Output the data unchanged and complete, minus the images.
Source data Start Marker
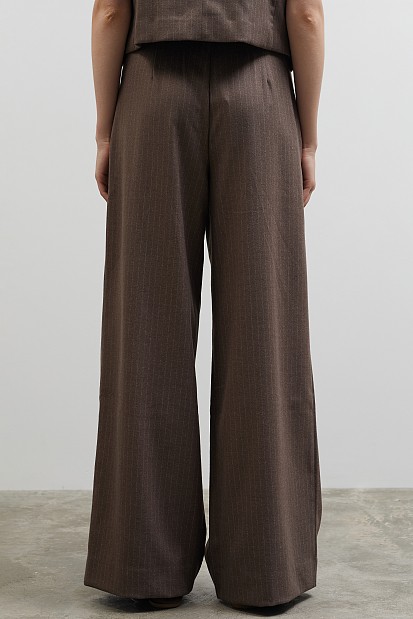 Stripped trousers with pleats
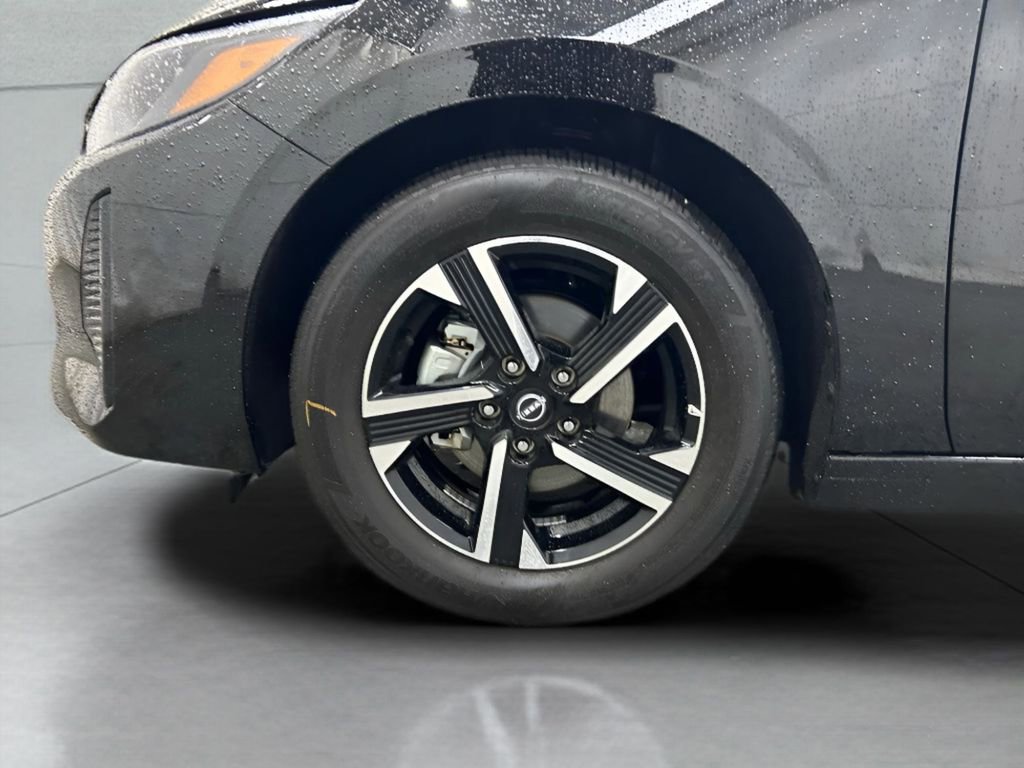 Used 2025 Nissan Sentra SV image 12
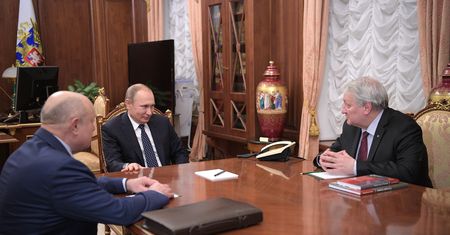 Eksperci Putina do zadań specjalnych. RISI stało za operacją wspierania Trumpa?
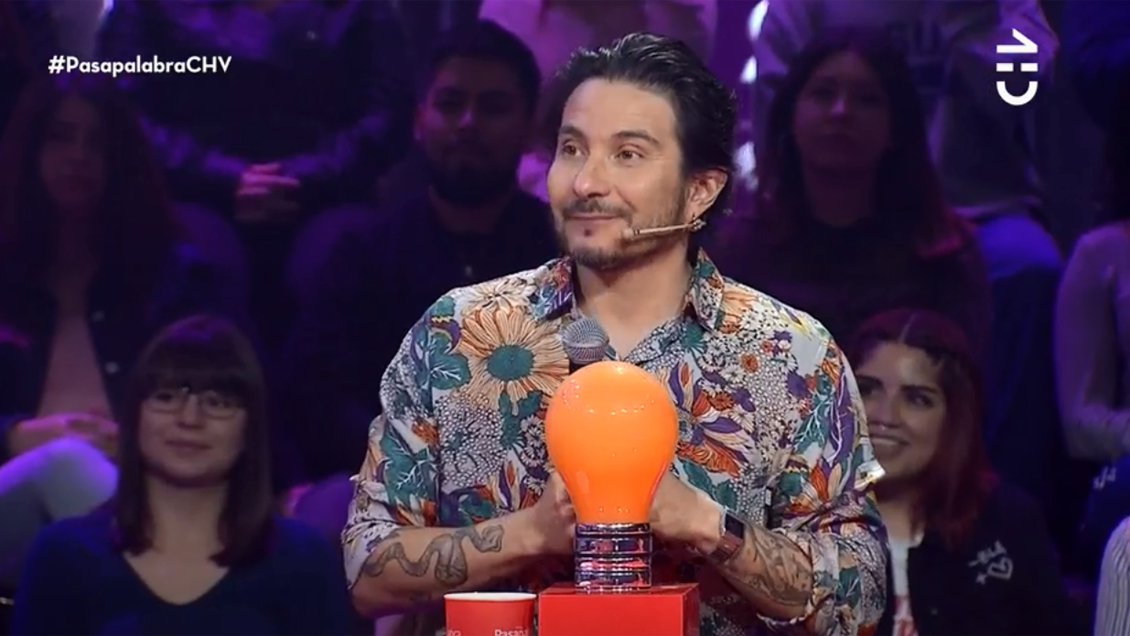 Felipe Avello recordó su época de cantante en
Source data End Marker
▶ [Exercise answer]
 Stripped trousers with pleats
 Used 2025 Nissan Sentra SV image 12
 Eksperci Putina do zadań specjalnych. RISI stało za operacją wspierania Trumpa?
 Felipe Avello recordó su época de cantante en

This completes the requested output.